Pressearchiv 2009

 

Rhein-Neckar-Zeitung, September 2009

„Sex ist halt anrüchig“

Alexander Ginter zeigt „Nacht Vision“ im Vis-à-Vis – Melange aus Malerei, Fotografie und Installation

 

Von Peter Lahr

Die Kunst des 1972 in Buchen geborenen und in Mudau aufgewachsenen Alexander Ginter steht derzeit ganz im Zeichen von Internet, Chatroom und „Big Brother“. Bereits zur Eröffnung von „Nacht Vision – Welcome To My Room“. konnten Kuratorin Ulrike Thiele und Kunstvereins-Vorsitzender Werner Zeh am Sonntagvormittag im Vis-à-Vis an die 50 Gäste begrüßen. Neben dem heute in Dossenheim lebenden Künstler mit Familie waren auch Landrat Dr. Achim Brötel und Bürgermeister Roland Burger gekommen.

Zeh sah in den doppelbödigen Arbeiten einen gesellschaftskritischen Ansatz realisiert und lobte, Dr. Kristina Hoges Begleittext zitierend: „Es sind feine Nuancen der Computerwelt, auf die Ginter mit seiner konzeptuellen Kunst eingeht.“ Er vermittle subtil seine Inhalte, mache neugierig, rege zum Nachdenken und zur tieferen Auseinandersetzung mit den Inhalten an. Wie Zeh besuchte auch Ginter Karl Rödels Kunstschule in Mannheim. Von 1997 bis 99 studierte er an der Freien Kunstakademie Mannheim.
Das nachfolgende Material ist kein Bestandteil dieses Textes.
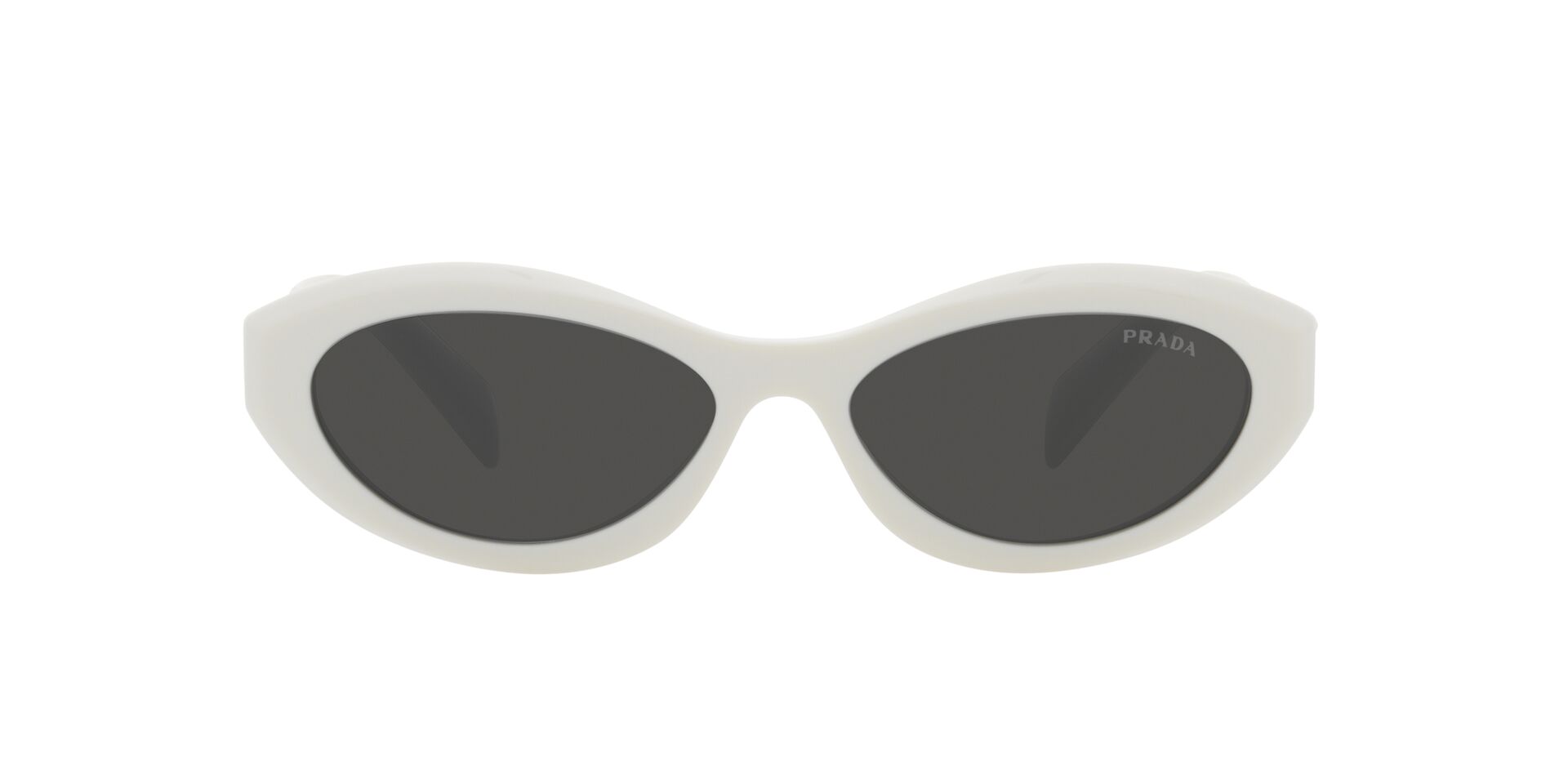 Prada PR 26ZS Square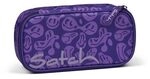 SATCH 00253-90312-10 Bright Faces Schlamperbox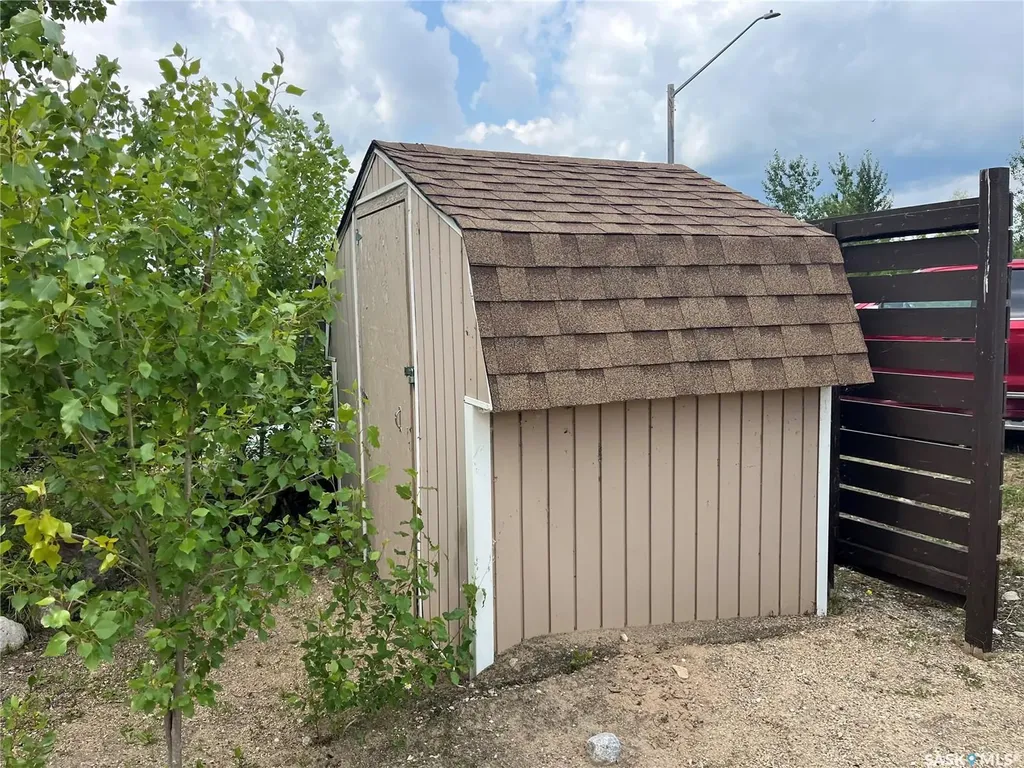 104 Heistad Place Fishing Lake SK S0A 1Y0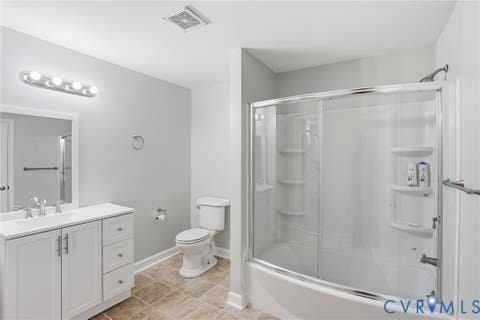 Tiny photo for 8700 Osborne Turnpike, Henrico, VA 23231 (MLS # 2622511)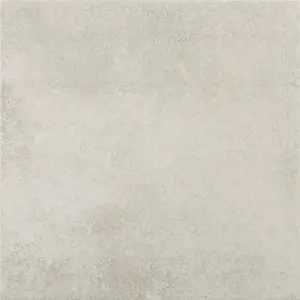 Triumph Riga Natural Stone Effect Matt Porcelain Tile / Vision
„Sie haben schon gewählt und sich für Alexander Ginter und den Kunstverein entschieden“, spielte Landrat Dr. Achim Brötel auf die Bundestagswahl an. Zwischen Seelen- und Persönlichkeitsstriptease im Internet einerseits und fortschreitender Verblödung mittels „Reality-TV“ andererseits, sah der Landrat durchaus Zusammenhänge. Auch wenn George Orwells Roman „Big Brother“ exakt vor 60 Jahren erschien, sei seine Vision heute aktueller denn je. Alexander Ginters „Nacht Vision“ bewege sich im Spannungsverhältnis zwischen absoluter Privatheit und scheinbar grenzenlosem Exhibitionismus, zeige „ein sehr spannendes Experiment.“

„Zu was lädst Du uns ein?“ fragte Kuratorin Ulrike Thiele zu Beginn des Künstlergesprächs. Während „Nacht Vision“ eher „eine spontane Findung unter Zeitdruck“ darstelle, fand Alexander Ginter den Untertitel in einem Chatroom-Protokoll. Als Vorlagen für seine Gemälde dienten ihm Ansichten von Chatrooms. „Der Erotikbereich ist für mich jedoch nur die Spitze des Eisbergs“, fügte er hinzu. „Sex ist halt anrüchig.“ Doch auch andernorts finde sich im Internet die Diskrepanz von scheinbarer Nähe und Anonymität. „Ich suchte den Anti-Moment der Leere“, erläuterte der Künstler, weshalb auf seinen Gemälden keine Menschen zu sehen sind. Aus den realen Vorlagen habe Bildausschnitte ohne Personen vergrößert. Nurmehr die seltsamen Namen finden sich auf den großen schwarzen Rändern, die an den Bildschirmrand gemahnen sollen.  Titel wie „xEroticQueenx2“ oder „GorgeusGirl“ seien die Namen der Personen, denen die Räume gehörten. „Sehr spannend“ fand Thiele, dass Ginter eine kleinformatige Serie tatsächlich auf reale Bettwäsche übertrug. Vorgefundenes nahm Ginter auch bei seinen Fotoserien auf. Sogenannte Web Cam Stills, also Aufnahmen von Überwachungskameras, druckte er aus und arrangierte sie nach ästhetischen Gesichtspunkten.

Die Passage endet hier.